*The problem*: Within the entries below, please retype exactly the lines starting with the line that has "Used 2021 Ford" and going on through the line that has "Kindly's - Platte Samiakjes 130 Gram", but not the pictures.

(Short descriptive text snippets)

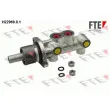 Maître-cylindre de frein FTE [H22969.0.1]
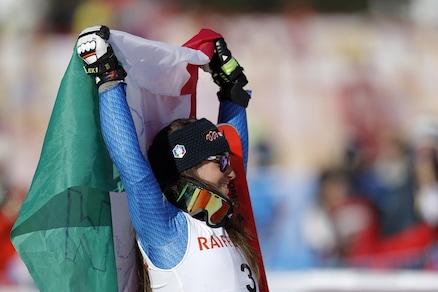 Sofia Goggia conquista la prima medaglia per l'Italia: è bronzo a St. Moritz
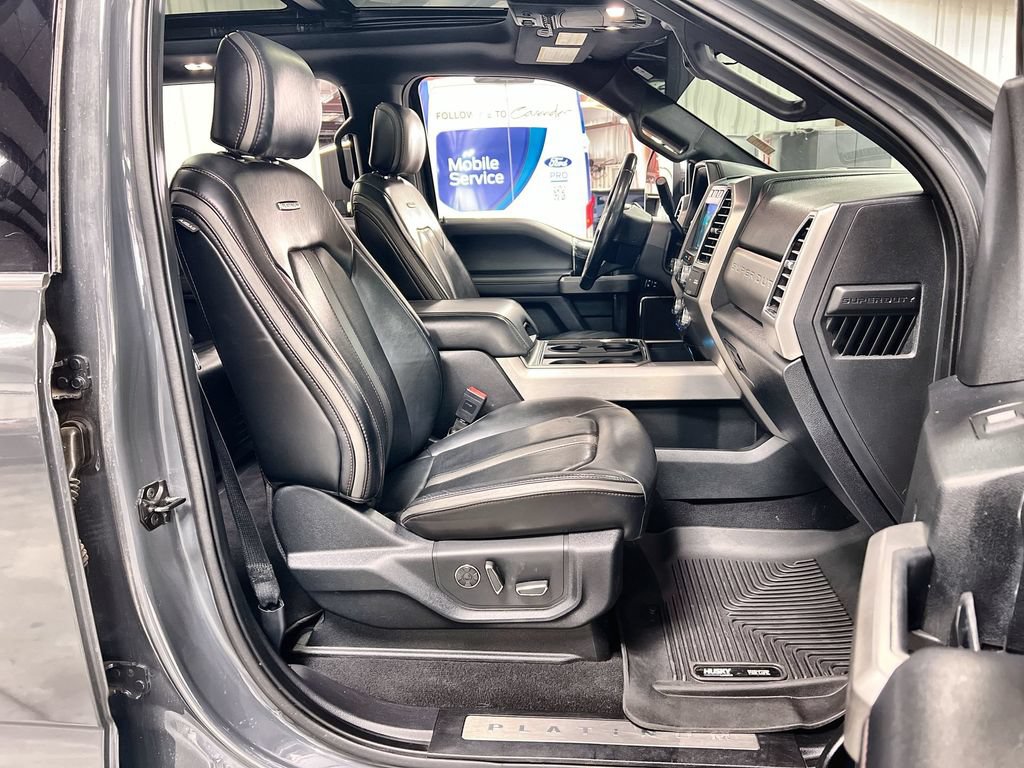 Used 2021 Ford F250 Platinum w/ Tremor Off-Road Package AWD/4WD image 27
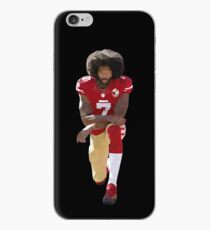 Vinilo o funda para iPhone Colin Kaepernick Kneeling Low Poly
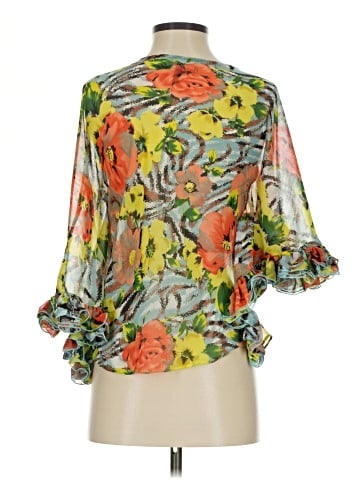 Gracia 3/4 Sleeve Blouse (view 2)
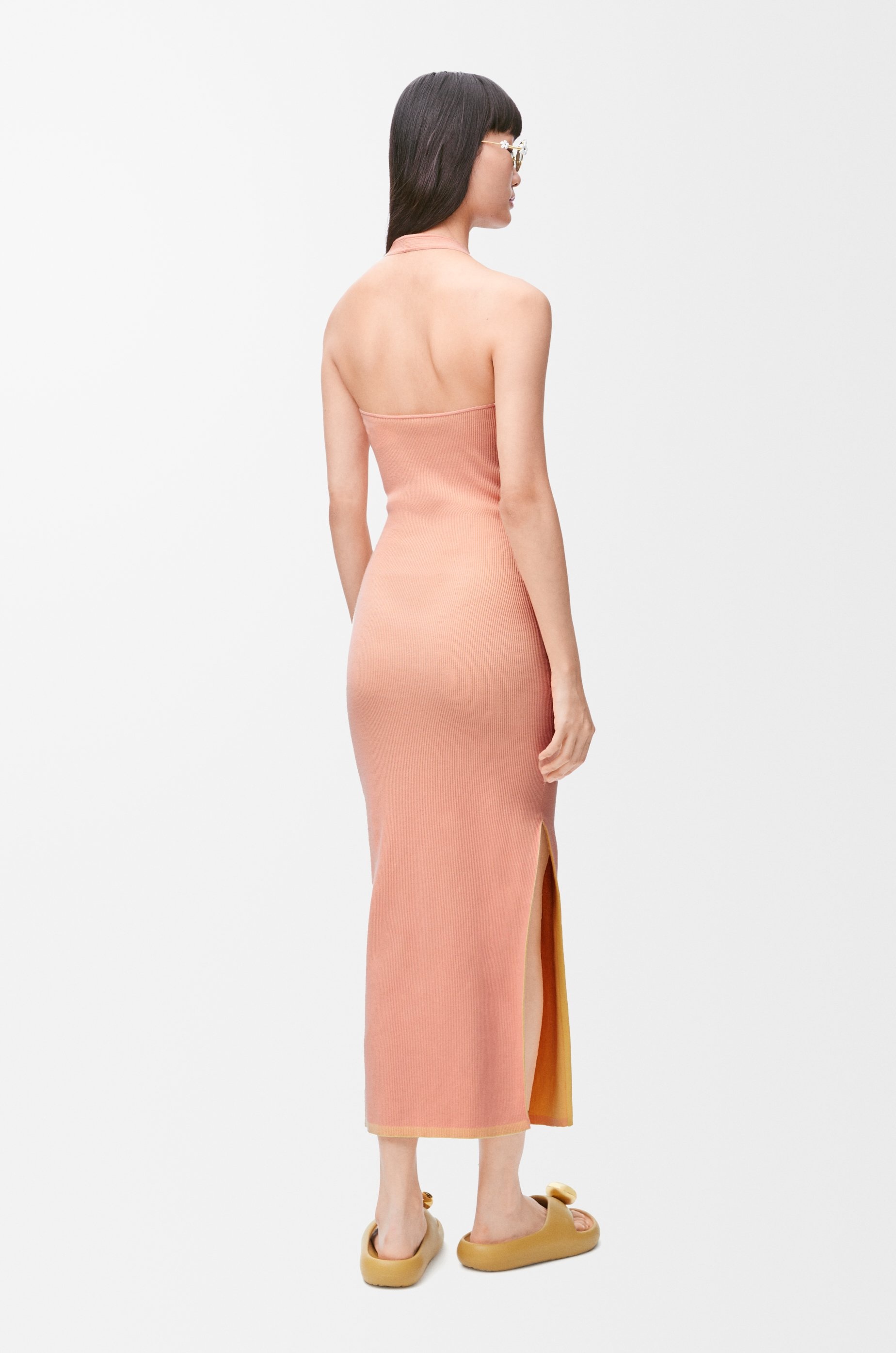 Tank dress in viscose blend - 3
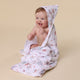 Fairy Garden Organic Baby Towel & Wash Cloth Set - Thumbnail 6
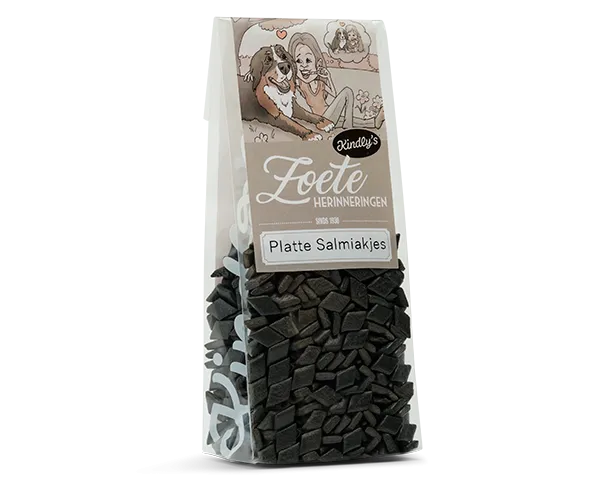 Kindly's - Platte Samiakjes 130 Gram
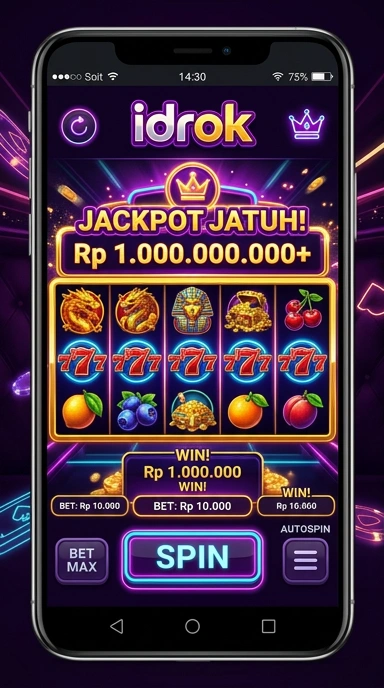Pengguna dengan nyaman mengunduh aplikasi di platform idrok.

*Exercise answer*:
 Used 2021 Ford F250 Platinum w/ Tremor Off-Road Package AWD/4WD image 27
 Vinilo o funda para iPhone Colin Kaepernick Kneeling Low Poly
 Gracia 3/4 Sleeve Blouse (view 2)
 Tank dress in viscose blend - 3
 Fairy Garden Organic Baby Towel & Wash Cloth Set - Thumbnail 6
 Kindly's - Platte Samiakjes 130 Gram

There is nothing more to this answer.